▸ Aim of the exercise: For this exercise, please find the lines in the entries that include the word "para" and copy them.

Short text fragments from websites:

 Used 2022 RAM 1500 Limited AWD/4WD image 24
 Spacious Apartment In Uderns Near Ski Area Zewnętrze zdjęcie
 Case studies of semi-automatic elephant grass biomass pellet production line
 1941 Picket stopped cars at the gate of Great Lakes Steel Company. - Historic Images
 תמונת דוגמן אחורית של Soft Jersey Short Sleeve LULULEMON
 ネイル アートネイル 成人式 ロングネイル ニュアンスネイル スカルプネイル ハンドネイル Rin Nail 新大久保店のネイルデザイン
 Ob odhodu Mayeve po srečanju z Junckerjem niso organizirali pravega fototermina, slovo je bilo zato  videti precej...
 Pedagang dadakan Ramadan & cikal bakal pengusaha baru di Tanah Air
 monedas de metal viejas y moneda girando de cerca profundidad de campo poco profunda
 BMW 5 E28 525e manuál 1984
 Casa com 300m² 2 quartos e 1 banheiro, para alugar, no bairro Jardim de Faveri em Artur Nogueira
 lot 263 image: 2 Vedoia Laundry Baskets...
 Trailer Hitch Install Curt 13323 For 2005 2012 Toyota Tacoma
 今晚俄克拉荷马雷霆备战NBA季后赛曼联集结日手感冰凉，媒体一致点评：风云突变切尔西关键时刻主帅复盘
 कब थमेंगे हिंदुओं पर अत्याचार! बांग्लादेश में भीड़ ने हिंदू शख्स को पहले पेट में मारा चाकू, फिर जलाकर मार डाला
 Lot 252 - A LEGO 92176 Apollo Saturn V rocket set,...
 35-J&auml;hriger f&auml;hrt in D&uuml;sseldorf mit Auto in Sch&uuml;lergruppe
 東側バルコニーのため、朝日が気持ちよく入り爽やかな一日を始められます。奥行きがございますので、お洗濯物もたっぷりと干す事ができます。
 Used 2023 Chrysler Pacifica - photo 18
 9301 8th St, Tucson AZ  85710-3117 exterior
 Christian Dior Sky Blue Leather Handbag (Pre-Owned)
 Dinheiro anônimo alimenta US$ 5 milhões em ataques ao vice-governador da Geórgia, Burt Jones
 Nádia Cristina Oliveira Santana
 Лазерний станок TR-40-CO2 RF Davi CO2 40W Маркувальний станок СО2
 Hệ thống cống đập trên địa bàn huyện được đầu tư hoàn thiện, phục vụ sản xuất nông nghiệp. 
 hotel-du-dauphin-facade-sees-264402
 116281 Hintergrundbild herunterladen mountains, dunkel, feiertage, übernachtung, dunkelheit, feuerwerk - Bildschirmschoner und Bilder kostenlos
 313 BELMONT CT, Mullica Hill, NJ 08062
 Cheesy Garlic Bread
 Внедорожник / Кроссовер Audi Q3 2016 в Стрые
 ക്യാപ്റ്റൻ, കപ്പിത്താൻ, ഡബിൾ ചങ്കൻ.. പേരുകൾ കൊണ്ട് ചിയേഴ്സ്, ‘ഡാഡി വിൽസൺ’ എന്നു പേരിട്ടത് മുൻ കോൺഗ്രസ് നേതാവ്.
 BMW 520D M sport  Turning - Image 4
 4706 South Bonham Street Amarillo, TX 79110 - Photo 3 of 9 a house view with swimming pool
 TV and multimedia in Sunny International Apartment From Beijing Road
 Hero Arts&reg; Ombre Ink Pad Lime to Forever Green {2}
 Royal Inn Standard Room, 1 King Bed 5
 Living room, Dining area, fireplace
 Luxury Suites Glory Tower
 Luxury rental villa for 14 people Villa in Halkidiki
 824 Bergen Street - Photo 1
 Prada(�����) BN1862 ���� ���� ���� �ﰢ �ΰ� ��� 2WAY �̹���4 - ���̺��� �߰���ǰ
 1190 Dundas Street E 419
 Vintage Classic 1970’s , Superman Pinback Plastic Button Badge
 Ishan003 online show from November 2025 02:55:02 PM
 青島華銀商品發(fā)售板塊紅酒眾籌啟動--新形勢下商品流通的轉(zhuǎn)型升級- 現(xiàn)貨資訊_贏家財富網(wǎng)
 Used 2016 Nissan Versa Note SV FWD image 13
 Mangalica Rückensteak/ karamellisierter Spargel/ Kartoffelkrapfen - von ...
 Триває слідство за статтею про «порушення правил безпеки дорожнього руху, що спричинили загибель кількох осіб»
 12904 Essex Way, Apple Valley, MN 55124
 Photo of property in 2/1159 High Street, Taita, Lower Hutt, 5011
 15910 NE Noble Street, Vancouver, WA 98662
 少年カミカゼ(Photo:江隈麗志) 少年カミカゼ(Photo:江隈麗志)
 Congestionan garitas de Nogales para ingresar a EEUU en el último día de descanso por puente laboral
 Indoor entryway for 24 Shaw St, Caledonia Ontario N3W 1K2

▸ Reply:
 Casa com 300m² 2 quartos e 1 banheiro, para alugar, no bairro Jardim de Faveri em Artur Nogueira
 Congestionan garitas de Nogales para ingresar a EEUU en el último día de descanso por puente laboral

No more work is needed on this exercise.